Maximum Likelihood Estimate

Let theta* = theta*_a, theta*_b...theta*_z be the parameters of the multinomial model M* that maximize the likelihood of generating a document D.

Further, it is known that the letter 'e' is twice as likely to occur as the letter 'z' in document D.

What is the correct expression relating theta*_e and theta*_z?

To find the correct expression relating theta*_e and theta*_z, we need to use the Maximum Likelihood Estimation (MLE) principle.

In a multinomial model, the probability of generating a document D is determined by the probabilities of each letter occurring in the document.
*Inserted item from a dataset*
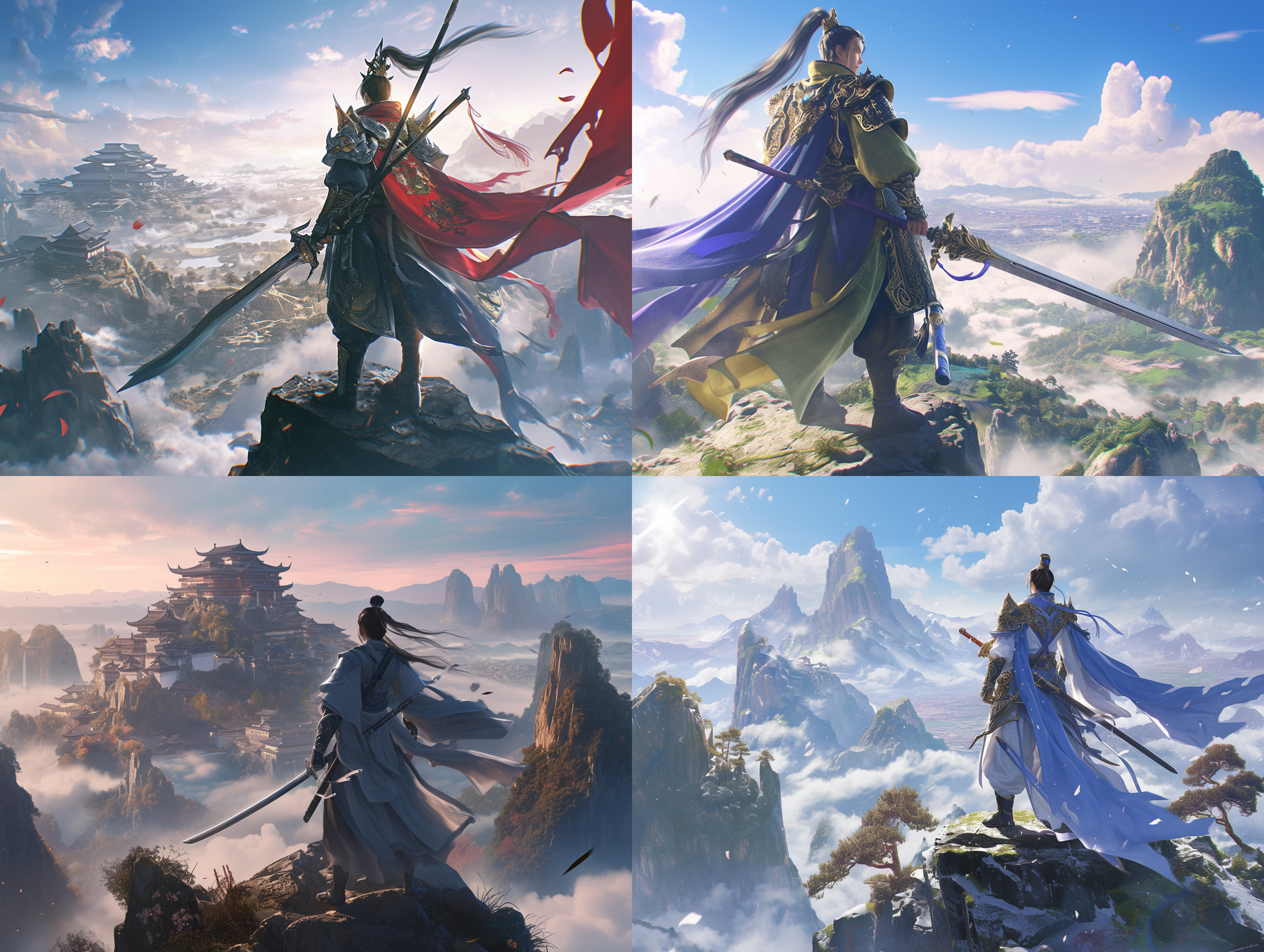 男主角身穿华丽的南北朝官服，手握长剑，立于山巅之上，迎风而立。广角镜头展现出仙侠风格庄严的气势，高饱和度和高度详细的辛烷渲染呈现出色彩丰富、鲜艳的幻想环境。电影般的动态表现力和复杂的细节令人惊叹，充满生动活力。8k分辨率和虚幻引擎呈现出非常详细的现实感。哭泣引擎加强了对比度，突出男主角的英姿飒爽。
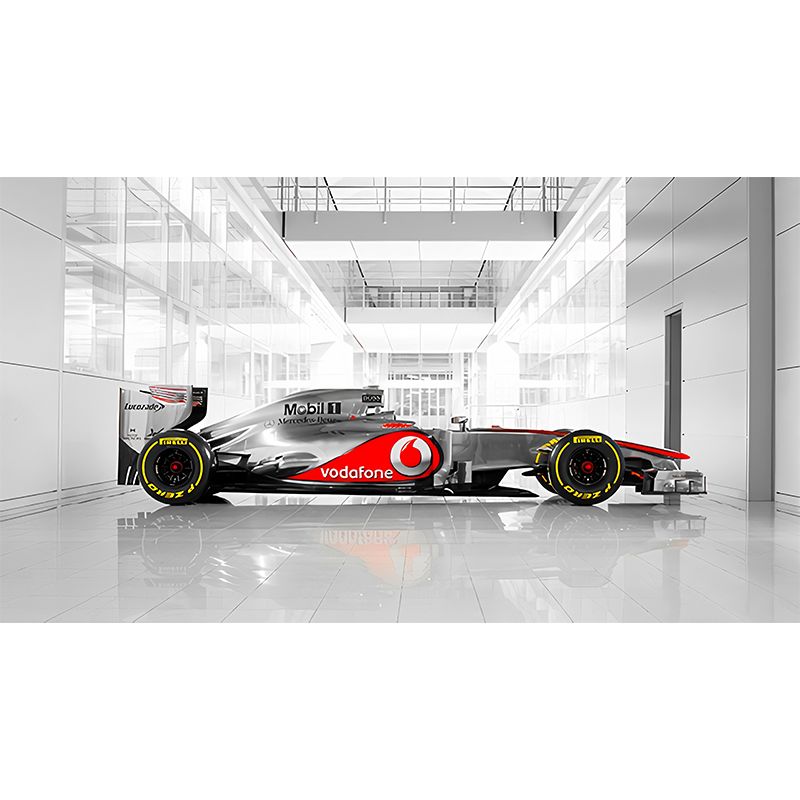 Giant Race Car Wall Art Grey and Red Non-Woven Fabric Wall Mural for Home Decor, Custom-Printed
The MLE principle states that we need to find the values of the parameters (theta*) that maximize the likelihood of the observed data (document D).

Let's assume the number of occurrences of the letter 'e' in document D is denoted by n_e, and the number of occurrences of the letter 'z' is denoted by n_z.

The probability of generating the letter 'e' in document D, given the parameter theta*_e, can be written as:
P('e' | theta*_e) = theta*_e

Similarly, the probability of generating the letter 'z', given the parameter theta*_z, can be written as:
P('z' | theta*_z) = theta*_z

Since it is known that the letter 'e' is twice as likely to occur as the letter 'z' in document D, we can express this relationship as:
P('e' | theta*_e) = 2 * P('z' | theta*_z)

Substituting the above expressions, we have:
theta*_e = 2 * theta*_z

Therefore, the correct expression relating theta*_e and theta*_z is:
theta*_e = 2 * theta*_z